→ Exercise:
Each line below from the one containing "Bengal cats for" through the one containing "riding a trail from horseback rider's POV" should be output exactly as it stands, and no other line should appear.

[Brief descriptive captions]

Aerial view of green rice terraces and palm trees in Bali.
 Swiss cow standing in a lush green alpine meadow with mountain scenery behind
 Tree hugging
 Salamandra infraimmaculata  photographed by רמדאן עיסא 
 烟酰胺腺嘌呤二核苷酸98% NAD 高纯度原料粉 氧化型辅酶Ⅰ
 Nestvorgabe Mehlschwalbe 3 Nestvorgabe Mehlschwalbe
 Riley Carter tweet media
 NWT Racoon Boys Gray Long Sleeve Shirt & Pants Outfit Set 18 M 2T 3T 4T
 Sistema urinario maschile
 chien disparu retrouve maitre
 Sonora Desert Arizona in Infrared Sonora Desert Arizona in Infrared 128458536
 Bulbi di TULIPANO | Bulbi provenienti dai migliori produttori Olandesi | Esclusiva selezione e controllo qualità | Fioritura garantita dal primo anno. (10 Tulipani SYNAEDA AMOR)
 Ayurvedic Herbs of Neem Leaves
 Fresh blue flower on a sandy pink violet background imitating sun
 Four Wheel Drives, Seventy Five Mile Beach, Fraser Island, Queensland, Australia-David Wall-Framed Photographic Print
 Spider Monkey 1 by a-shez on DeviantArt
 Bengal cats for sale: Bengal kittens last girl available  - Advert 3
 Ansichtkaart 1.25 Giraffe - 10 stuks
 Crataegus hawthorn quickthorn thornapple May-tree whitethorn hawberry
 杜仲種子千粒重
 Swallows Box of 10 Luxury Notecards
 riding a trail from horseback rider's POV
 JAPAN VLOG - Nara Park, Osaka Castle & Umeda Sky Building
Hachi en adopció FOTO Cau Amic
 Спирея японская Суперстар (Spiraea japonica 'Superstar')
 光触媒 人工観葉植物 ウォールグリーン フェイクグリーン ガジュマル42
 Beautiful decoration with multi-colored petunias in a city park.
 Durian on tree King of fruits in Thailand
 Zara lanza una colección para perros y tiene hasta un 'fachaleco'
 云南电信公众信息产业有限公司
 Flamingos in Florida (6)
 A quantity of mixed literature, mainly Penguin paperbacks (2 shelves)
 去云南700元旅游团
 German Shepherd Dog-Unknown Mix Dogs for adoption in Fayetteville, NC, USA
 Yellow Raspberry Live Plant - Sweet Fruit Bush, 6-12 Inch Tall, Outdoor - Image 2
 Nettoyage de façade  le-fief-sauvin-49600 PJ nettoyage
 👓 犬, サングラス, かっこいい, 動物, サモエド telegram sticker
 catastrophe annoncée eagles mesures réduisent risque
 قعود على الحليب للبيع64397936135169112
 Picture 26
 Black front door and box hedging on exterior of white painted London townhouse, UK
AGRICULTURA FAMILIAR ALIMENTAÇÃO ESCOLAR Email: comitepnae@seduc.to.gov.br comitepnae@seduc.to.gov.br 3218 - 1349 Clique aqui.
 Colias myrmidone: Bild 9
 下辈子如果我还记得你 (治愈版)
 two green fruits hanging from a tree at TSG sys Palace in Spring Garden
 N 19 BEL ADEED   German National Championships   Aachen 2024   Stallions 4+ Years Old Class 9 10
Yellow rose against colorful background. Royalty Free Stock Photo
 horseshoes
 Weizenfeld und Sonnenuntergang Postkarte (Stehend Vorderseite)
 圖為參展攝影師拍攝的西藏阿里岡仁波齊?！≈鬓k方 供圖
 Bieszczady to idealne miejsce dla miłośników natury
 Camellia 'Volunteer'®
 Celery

→ Answer section:
 Bengal cats for sale: Bengal kittens last girl available  - Advert 3
 Ansichtkaart 1.25 Giraffe - 10 stuks
 Crataegus hawthorn quickthorn thornapple May-tree whitethorn hawberry
 杜仲種子千粒重
 Swallows Box of 10 Luxury Notecards
 riding a trail from horseback rider's POV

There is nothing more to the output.